Et pourtant, que ne gagnerait-on pas sur ce terrain, si l’on cessait de nommer les femmes par le nom de leur époux.

Indépendamment du nom de famille propre à chaque individu, il est possible de porter un nom dit d’usage.

Si le port d’un nom d’usage pour un enfant peut revêtir une utilité certaine, notamment pour acquérir un double nom composé du nom de famille et du nom du parent qui ne lui a pas transmis juridiquement son nom de famille, afin de faciliter l’identification familiale et sociale [1], cette utilité ne semble plus d’actualité concernant la femme mariée.

Pourtant, cette pratique perdure en dépit de sa justification désormais contestable, elle continue de se diffuser dans toutes les strates de la société et d’engendrer d’importantes répercussions judiciaires.

1 - Le nom d’usage marital : une pratique bien ancrée dans notre société…

En vertu des articles 311-21 à 311-24-1 du Code civil relatifs aux règles de dévolution du nom de famille, celui-ci correspond au nom que toute personne acquiert à sa naissance ou après une procédure judiciaire.

En vertu de l’article 225-1 du Code civil : « Chacun des époux peut porter, à titre d’usage, le nom de l’autre époux, par substitution ou adjonction à son propre nom dans l’ordre qu’il choisit ».

Ainsi, le nom d’usage est le nom utilisé dans la vie quotidienne et sous lequel la personne est connue : vie privée, familiale, sociale, professionnelle ou administrative.

Le nom d’usage est facultatif et ne peut se substituer juridiquement au nom de famille.

Le nom d’usage peut se porter en nom unique ou en double nom composé du nom de famille et du nom marital.
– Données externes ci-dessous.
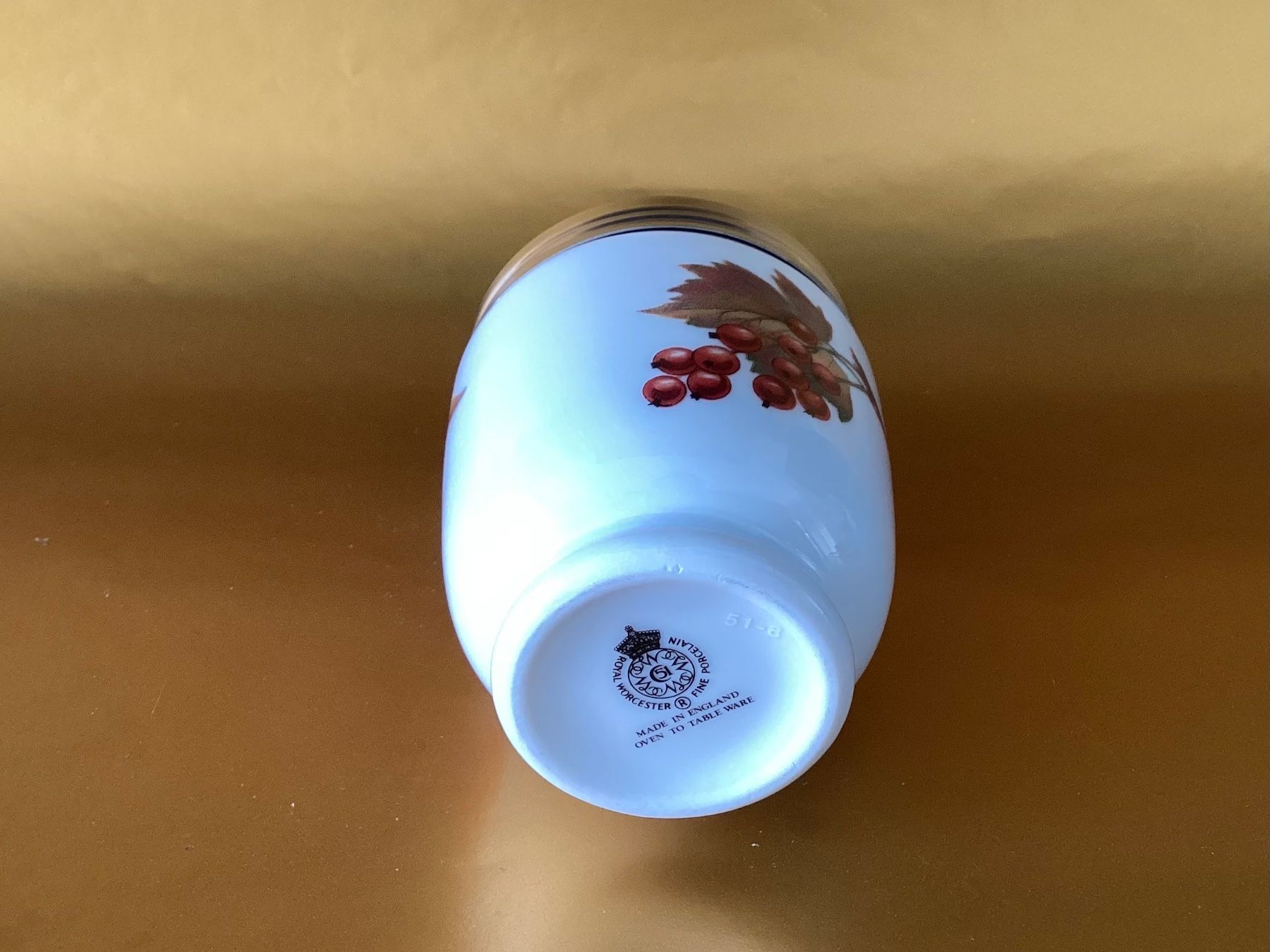 Royal Worcester Sonstiges Geschirr: ROYAL WORCESTER / 1 Egg Coddler " für 2 Eier – Gebraucht aus Beinwil am See von kae_gh7c 3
Aujourd’hui, à la question : une femme mariée peut-elle conserver son nom de famille, la Direction de l’information légale et administrative (sous la direction du Premier ministre) répond par l’affirmative en précisant que la femme mariée n’aura alors aucune démarche à effectuer.

Nous comprenons donc que c’est à la femme mariée qui souhaite adopter le nom de son époux comme nom d’usage, d’en faire la démarche.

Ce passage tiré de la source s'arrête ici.